Abstract

Due to the high incidence of acute lymphoblastic leukemia (ALL) worldwide as well as its rapid and fatal progression, timely microscopy screening of peripheral blood smears is essential for the rapid diagnosis of ALL. However, screening manually is time-consuming and tedious and may lead to missed or misdiagnosis due to subjective bias; on the other hand, artificially intelligent diagnostic algorithms are constrained by the limited sample size of the data and are prone to overfitting, resulting in limited applications. Conventional data augmentation is commonly adopted to expand the amount of training data, avoid overfitting, and improve the performance of deep models. However, in practical applications, random data augmentation, such as random image cropping or erasing, is difficult to realistically occur in specific tasks and may instead introduce tremendous background noises that modify actual distribution of data, thereby degrading model performance.

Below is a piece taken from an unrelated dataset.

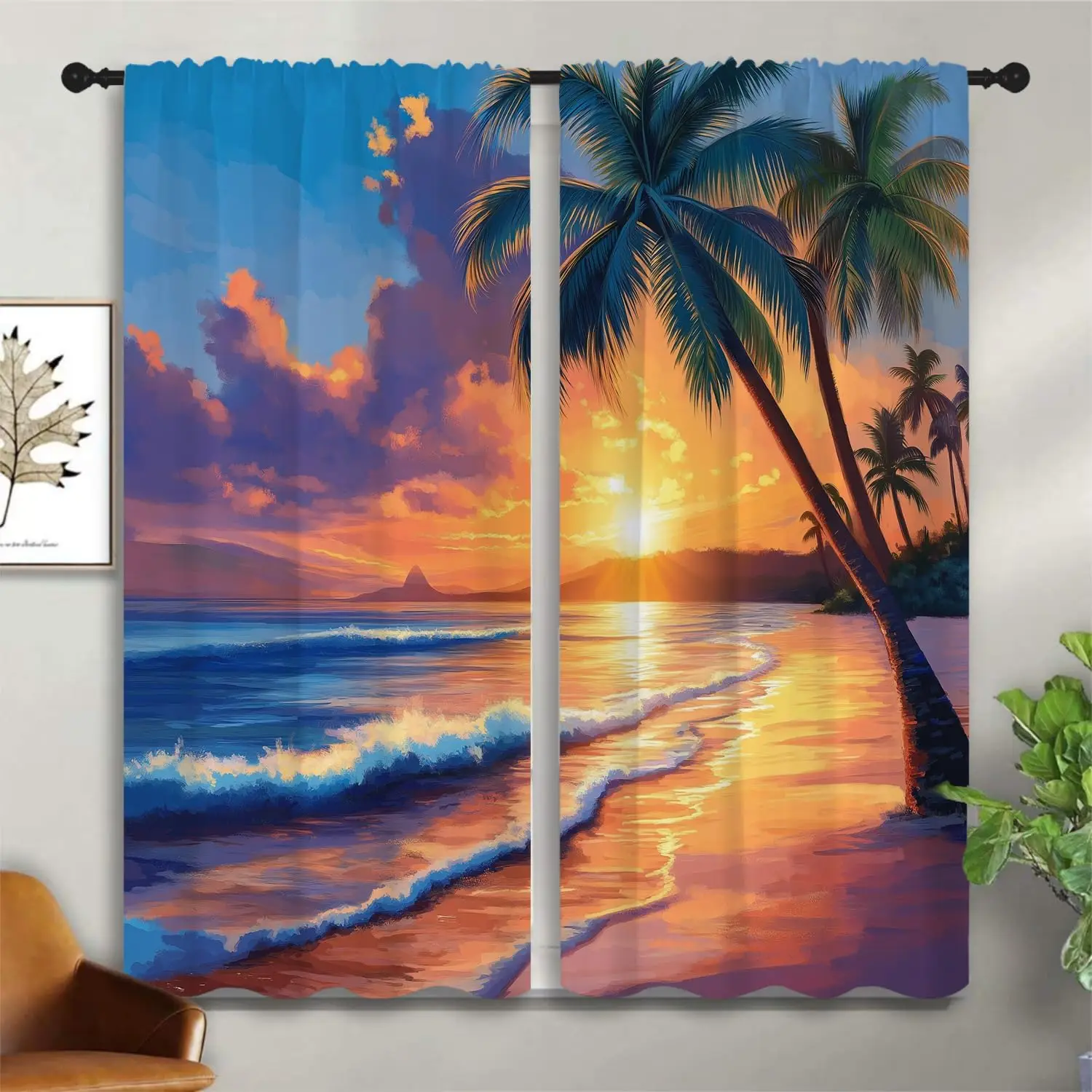 Beach Boy Girls Blackout Curtains,Tropical Sea Palm Tree Coastal Rustic Sunset Seascape, 2 Panel Rod Pocket Thermal Insulated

In this paper, to assist in the early and accurate diagnosis of acute lymphoblastic leukemia, we present a ternary stream-driven weakly supervised data augmentation classification network (WT-DFN) to identify lymphoblasts in a fine-grained scale using microscopic images of peripheral blood smears. Concretely, for each training image, we first generate attention maps to represent the distinguishable part of the target by weakly supervised learning. Then, guided by these attention maps, we produce the other two streams via attention cropping and attention erasing to obtain the fine-grained distinctive features. The proposed WT-DFN improves the classification accuracy of the model from two aspects: (1) in the images can be seen details since cropping attention regions provide the accurate location of the object, which ensures our model looks at the object closer and discovers certain detailed features; (2) images can be seen more since erasing attention mechanism forces the model to extract more discriminative parts’ features. Validation suggests that the proposed method is capable of addressing the high intraclass variances located in lymphocyte classes, as well as the low interclass variances between lymphoblasts and other normal or reactive lymphocytes. The proposed method yields the best performance on the public dataset and the real clinical dataset among competitive methods.

Highlights

  • Acute lymphoblastic leukemia (ALL) is a neoplasm of precursor lymphoid cells and has high incidence worldwide, approximately 1.58 per 100 thousand individuals a year [1]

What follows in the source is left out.